The potential energy of an electron of charge -e, mass m, in the neighborhood of a horizontal surface of a dielectric liquid with dielectric constant $\epsilon>1$ can be taken to be

(1)
\begin{align} V(x,y,z) = \begin{cases} -\frac{e^2(\epsilon-1)}{z(\epsilon+1)} & z > 0 \\ \infty & z < 0 \end{cases} \end{align}

The electron is confined by an infinite potential barrier inside the region,

(2)
\begin{equation} 0<x<L_1,0<y<L_2. \end{equation}

A.

Problem:

Show that the time-independent Schrodinger equation, with a potential that is a function only of z, has stationary solutions, separable in Cartesian coordinates, of the form,

(3)
\begin{align} \psi(x,y,z) = A f(x)g(y)h(z), \end{align}

and find the possible forms of $f(x),g(y)$, when the electron is confined in the region $0<x<L_1,0<y<L_2$.

Greg’s Solution:

We set $\hbar^2/2m=1$ for convenience. (We can put it back in at the end using dimensional analysis.) Then the Schrodinger equation for this potential in the confining region takes the form,

(4)
\begin{align} -\partial_x^2 \psi -\partial_y^2 \psi - \partial_z^2 \psi - \frac{e^2}{z}\frac{\epsilon-1}{\epsilon+1} \psi = E\psi \end{align}

We make the Ansatz that $\psi$ is separable in Cartesian coordinates,

(5)
\begin{align} \psi = f(x)g(y)h(z). \end{align}

Plugging 5 into [[preschro]], we obtain

(6)
\begin{align} -f’‘gh - fg’‘h - fgh’‘ - \frac{e^2}{z}\frac{\epsilon-1}{\epsilon+1}fgh = Efgh \end{align}

We then divide by $fgh$ to obtain,

(7)
\begin{align} \underbrace{-\frac{f’‘}{f}}_{\text{function of} \,\,x} +\underbrace{-\frac{g’‘}{g}}_{\text{function of}\,\, y} + \underbrace{-\frac{h’‘}{h} -\frac{e^2}{z}\frac{\epsilon-1}{\epsilon+1}}_{\text{function of} \,\,z} = E. \end{align}

Each grouped set of terms above is a function of only a single variable; thus, we conclude that each group is in fact a constant. Intuitively, one can see this from the fact that if one group were not, then that one would be able to change it independently of all the other terms in such a way as to violate the inequality.

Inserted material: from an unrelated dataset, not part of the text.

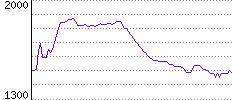 Rating History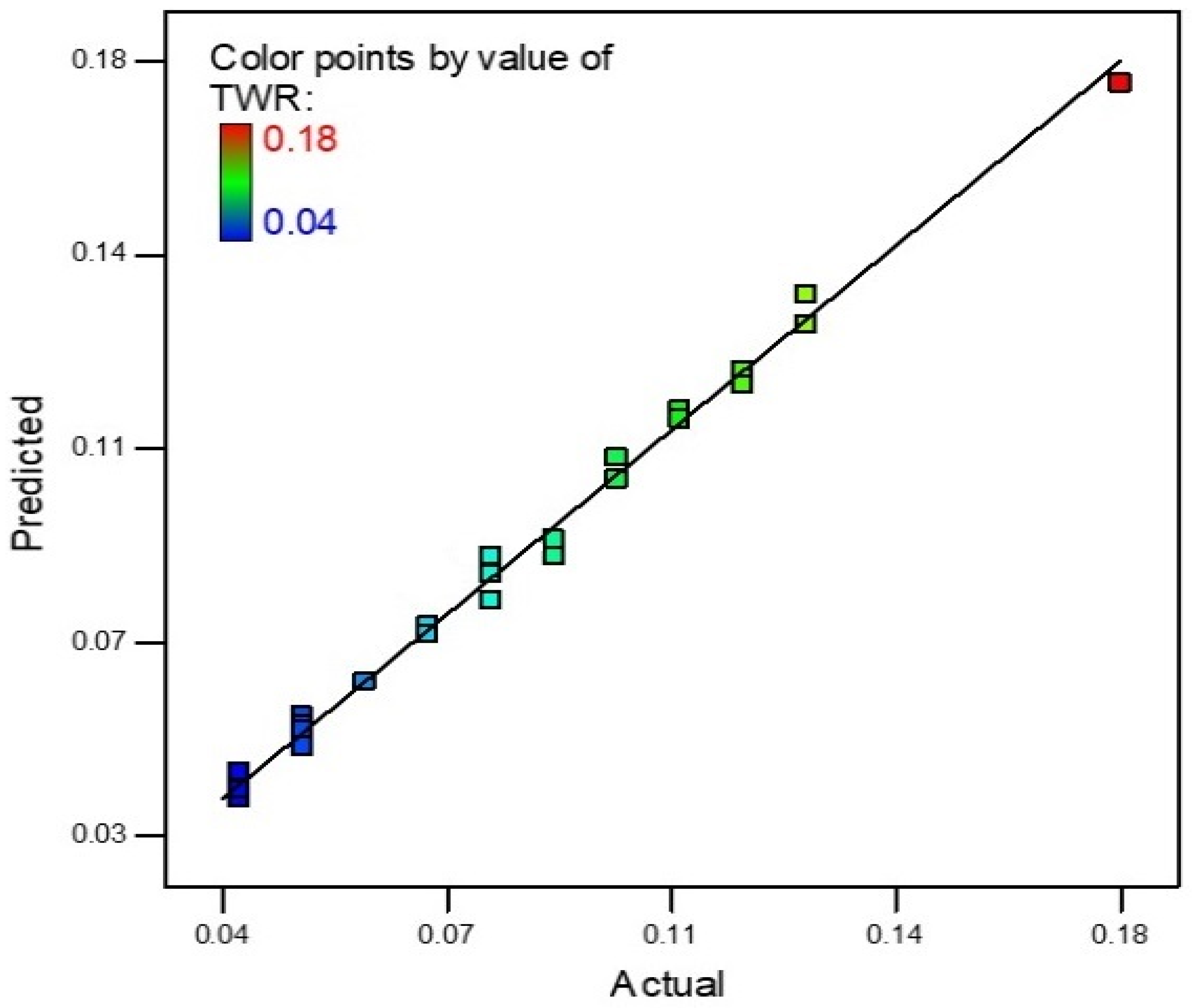 Materials 15 04932 g004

Alternatively, we can also see this formerly by taking partial derivatives. For example, taking the partial derivative with respect to x obtains,

(8)
\begin{align} \frac{\partial}{\partial x}\left[-\frac{f’‘}{f}\right] = 0 \Rightarrow f’‘=- k_x^2 f, \end{align}

where $k_x$ is a constant. Applying the boundary condition that $0<x<L_1$, one obtains the solution

(9)
\begin{align} f(x) \propto \sin(k_x x),\quad k_x = \frac{n\pi}{L_1}, \quad n=1,2,\dots \end{align}

The constant in front is determined from the normalization condition.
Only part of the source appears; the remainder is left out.